Sobretudo a produção é proibitiva. No teatro de Brugges, na Bélgica, por sinal a
primeira sala estrangeira onde tocámos, com o estúdio montado lá fora, tudo
pronto para ser gravado e filmado – atenção – era bastante! À medida que via
cada uma das canções a sair bem, ia ficando aliviado e, a seguir ao alívio, alegre.
Nesse dia acabei o concerto realmente eufórico.
É um projeto para continuar?
Já mais orquestras nos convidaram. Mas a verdade é que
é uma coisa complicadíssima, já para não falar em que destruiria a fluência e a
organização das nossas vidas. Pusemo-nos essa questão mas não sei até que ponto
será plausível. Acho que não é. Manter sempre essa possibilidade em aberto. Se
o voltarmos a fazer vamos ter que partir de novo do zero. E contar com o apoio
de uma orquestra e de uma companhia de discos. Que não seja a nossa mas a
deles! (risos). Mas foi uma experiência incrível. Os músicos da orquestra, no
Porto, choraram. Eles, flamengos e valões, até ali viam aquilo apenas como um
reportório bizarro. Foi preciso chegarem a Portugal, ao Porto, para perceberem
que as canções, na língua estranha que a Teresa cantava, era a mesma língua de
um povo, com o público do Coliseu a cantar em uníssono o “Haja o que houver”. Ficaram
estarrecidos. A emoção de encontrarem um sentido coletivo naquele projeto
instrumental.
Houve quem dissesse que o universo
sinfónica não casava naturalmente com a música do grupo…
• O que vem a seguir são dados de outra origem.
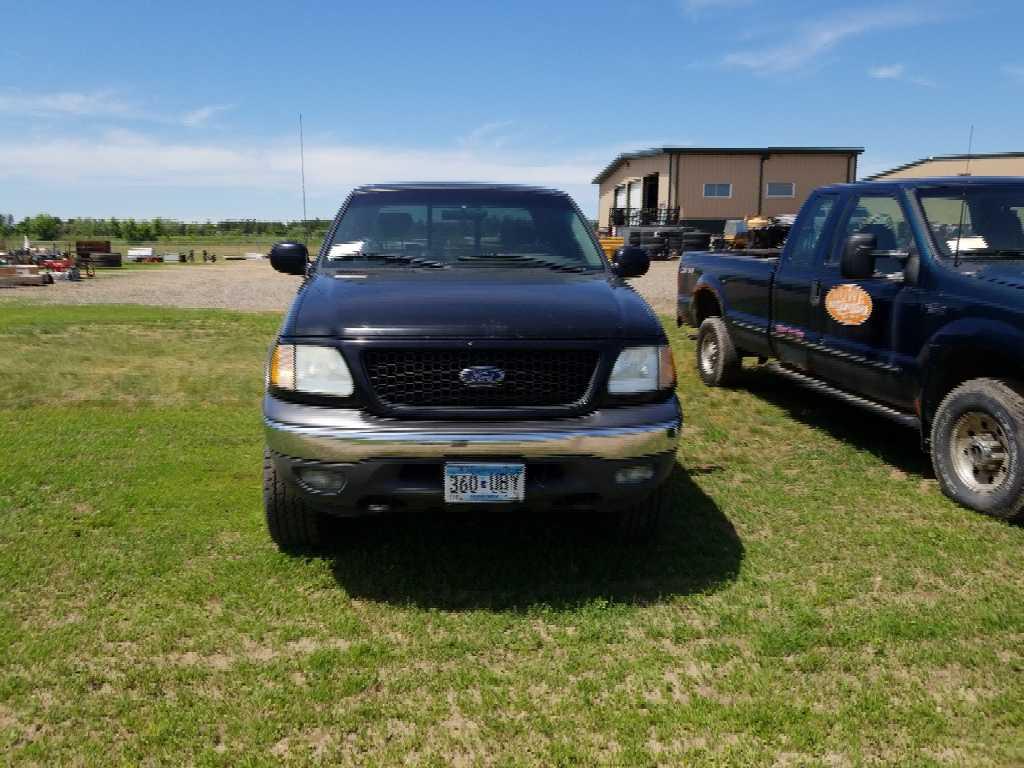 '02 Ford F150 Ext Cab Pickup Truck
Esse universo, se quisermos, é nosso. Como em tudo na
vida. O grupo Madredeus é também uma escola de escrita de música e não apenas
uma escola de arranjos para um quinteto. Não somos um grupo que faz coleção de
música tradicional e depois inventa uns arranjos para teclados que têm muito sucesso.
Não, fomos aprendendo a escrever mais e melhor música. As canções que
escrevemos em língua portuguesa, um diadema de canto saudoso, podem efetivamente
ser visitadas e revisitadas por ensembles sinfónicos ou de percussões ou seja
do que for. É uma questão de fantasia e iniciativa, nada mais.